INSTRUCTIONS TO FOLLOW
The response should consist of the data below, copied exactly, with no pictures in it.

RECORDED INFORMATION
--------------------
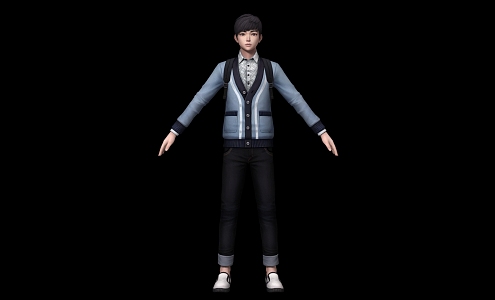 High School Student Handsome Boy Student Junior 201491148 3d model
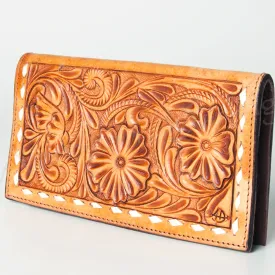 American Darling "Wanda" Natural Tooled Wallet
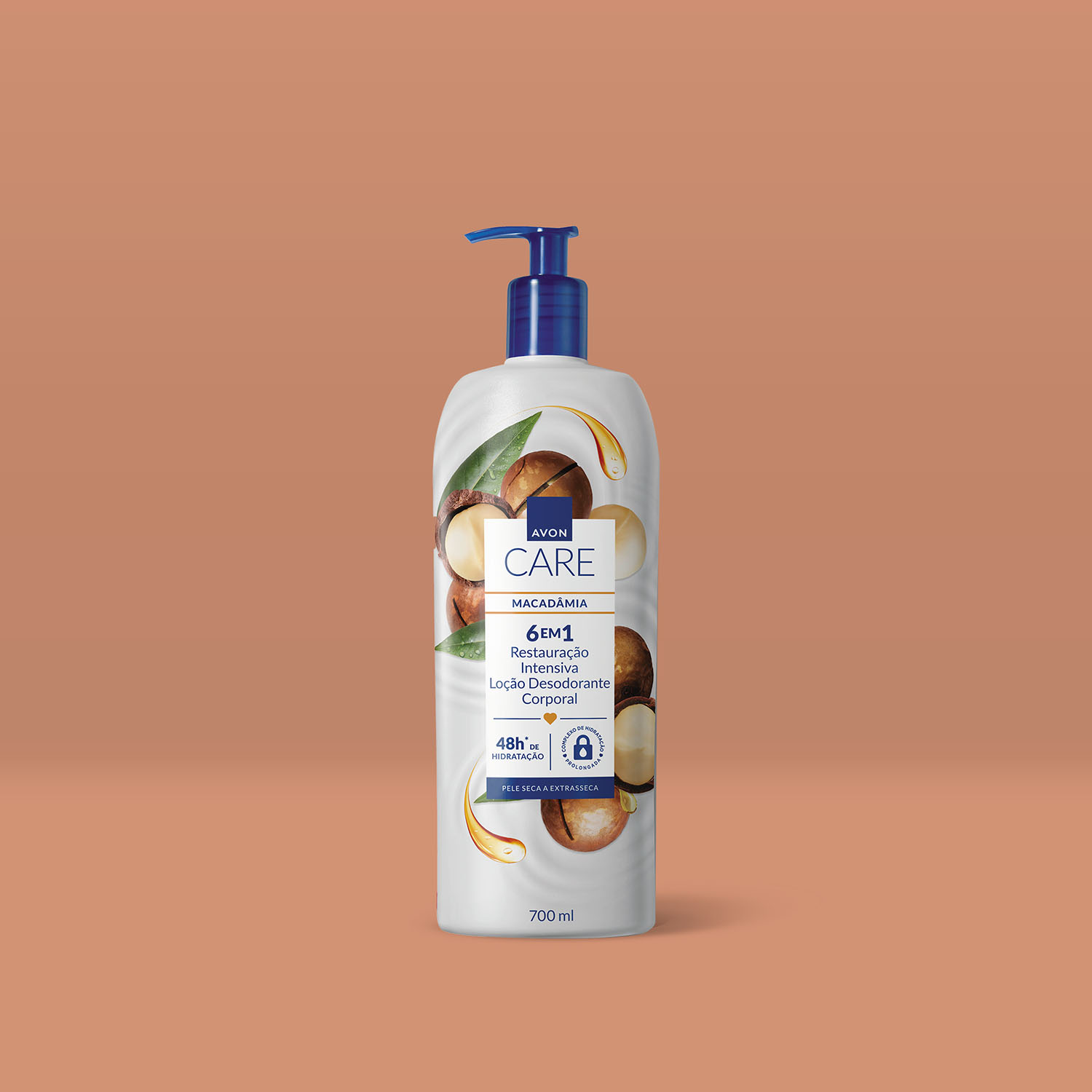 AVON CARE LOÇÃO DESODORANTE CORPORAL ÓLEO DE MACADÂMIA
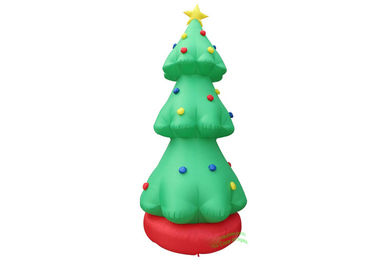 Bonhomme de neige/arbres gonflables de Noël de produits gonflables de la publicité de PVC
--------------------
RESULT
 High School Student Handsome Boy Student Junior 201491148 3d model
 American Darling "Wanda" Natural Tooled Wallet
 AVON CARE LOÇÃO DESODORANTE CORPORAL ÓLEO DE MACADÂMIA
 Bonhomme de neige/arbres gonflables de Noël de produits gonflables de la publicité de PVC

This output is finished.